Óleo de rícino
Trinta anos atrás, uma senhora que sofria
de reumatismo me contou ter sido tratada com óleo de
rícino. Duas vezes por semana, ela ia ao consultório, e o
médico perguntava: “Hoje a senhora prefere o vermelho
ou o alaranjado?”. Vermelha era a cor no pote que
continha óleo de rícino com groselha; no outro, o óleo
vinha misturado com essência de laranja, para disfarçar
o gosto insuportável do purgativo.
Até aí, nenhuma novidade; em tantos anos de profissão,
já vi os tratamentos mais estapafúrdios prescritos tanto
por médicos tradicionais como pela autodenominada
medicina alternativa; o curioso, nesse caso, é que a
receita vinha de um renomado professor universitário,
autor de um tratado de clínica médica adotado em várias
faculdades. E, mais desconcertante: a senhora estava
convencida de que, graças à ação do famigerado óleo,
as dores entravam em períodos de acalmia.
Óleo de rícino é dotado de atividade antirreumática?
É muito pouco provável que seja, mas a medicina daquele
tempo oferecia poucos recursos e não era baseada
em evidências experimentais. Os médicos adotavam
condutas e receitavam remédios com base em teorias
jamais comprovadas cientificamente ou de acordo
com ideias pré-concebidas e experiências pessoais.

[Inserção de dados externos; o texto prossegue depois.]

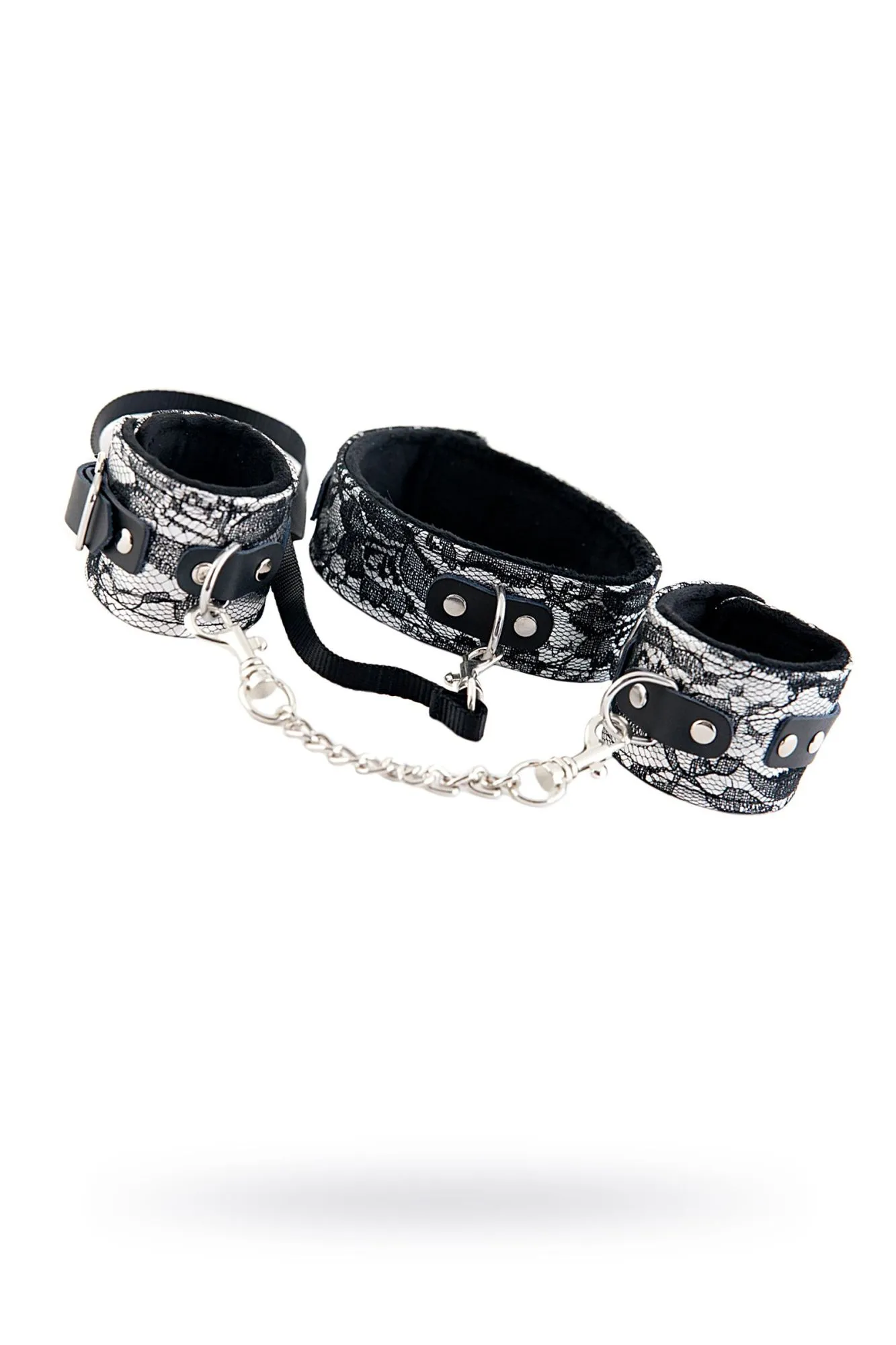 кружевной набор toyfa marcus (ошейник и наручники), серебряный в Мурманске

Parte expressiva desse entulho do empirismo ainda se
acotovela nas prateleiras das farmácias sob o rótulo
de protetores do fígado, fortificantes, revitalizadores,
complexos vitamínicos e de mirabolantes associações
de panaceias que apregoam, no rádio e na TV, curar
males tão diversos quanto falta de memória, fraqueza,
irregularidades menstruais, gripes e doenças do fígado.

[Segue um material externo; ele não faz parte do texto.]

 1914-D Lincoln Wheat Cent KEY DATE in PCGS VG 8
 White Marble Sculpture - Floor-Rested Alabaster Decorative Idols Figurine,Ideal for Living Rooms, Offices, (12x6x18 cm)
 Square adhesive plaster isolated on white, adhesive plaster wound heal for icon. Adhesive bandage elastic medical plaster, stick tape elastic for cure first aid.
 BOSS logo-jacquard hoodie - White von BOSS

A explosão do conhecimento científico, que revolucionou
a forma de praticar medicina na segunda metade do
século 20, implantou o paradigma de que qualquer
tratamento médico só pode ser adotado depois de
haver demonstrado eficácia estatisticamente significante
em estudos conduzidos com absoluto rigor científico.
A experiência pessoal ou de terceiros é importante para
ajudar o médico a interpretar resultados e referendar ou
não as conclusões tiradas nesses estudos, mas não é
suficiente para substituí-los.
Por que a exigência desse rigor? Primeiro, porque
as doenças evoluem de forma imprevisível: curas e
recaídas podem suceder-se sem qualquer relação com o
tratamento instituído. Segundo, porque cada organismo
reage de acordo com suas idiossincrasias: o remédio
que cura um pode matar outro. Terceiro, por causa
da existência do efeito placebo, isto é, do alívio que o
simples ato de ir ao médico e de tomar remédio pode
trazer para algumas pessoas.
O caso da vitamina C é um bom exemplo. Nos anos
1970, o cientista Linus Pauling lançou a ideia de que
vitamina C em doses altas melhoraria a imunidade,
preveniria gripes, resfriados e até câncer.

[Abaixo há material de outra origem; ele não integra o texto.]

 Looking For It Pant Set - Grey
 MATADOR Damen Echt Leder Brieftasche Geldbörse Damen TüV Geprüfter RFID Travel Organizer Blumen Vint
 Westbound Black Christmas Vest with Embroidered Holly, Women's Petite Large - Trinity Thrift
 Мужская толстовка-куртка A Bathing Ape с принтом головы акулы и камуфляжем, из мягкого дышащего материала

Por falta de apenas um, Pauling havia sido agraciado
com dois prêmios Nobel: o de Química e o da Paz, mas
entendia de medicina tanto quanto eu de pontes e de
barragens.
O resultado foi o uso indiscriminado de vitamina C,
porque usuários contumazes que passam dois anos
sem gripe atribuem à vitamina o poder protetor; quem
teve um resfriado que foi embora em dois ou três dias,
enquanto o do vizinho levou cinco, faz o mesmo.
O uso de vitamina C alardeado por Pauling ainda rende
centenas de milhões de dólares em vendas anuais, mas
não foi suficiente para livrá-lo do câncer de próstata no
fim da vida nem demonstrou qualquer eficácia na
prevenção ou tratamento de gripes e resfriados, em
nenhum estudo realizado.
[...]
A medicina baseada em evidências decretou o fim do
médico lacônico, que impõe tratamentos prescritos em
hieróglifos. Na medicina moderna, o papel do profissional
é apresentar as evidências e ajudar o doente a decidir
qual das opções é a mais adequada para seu caso.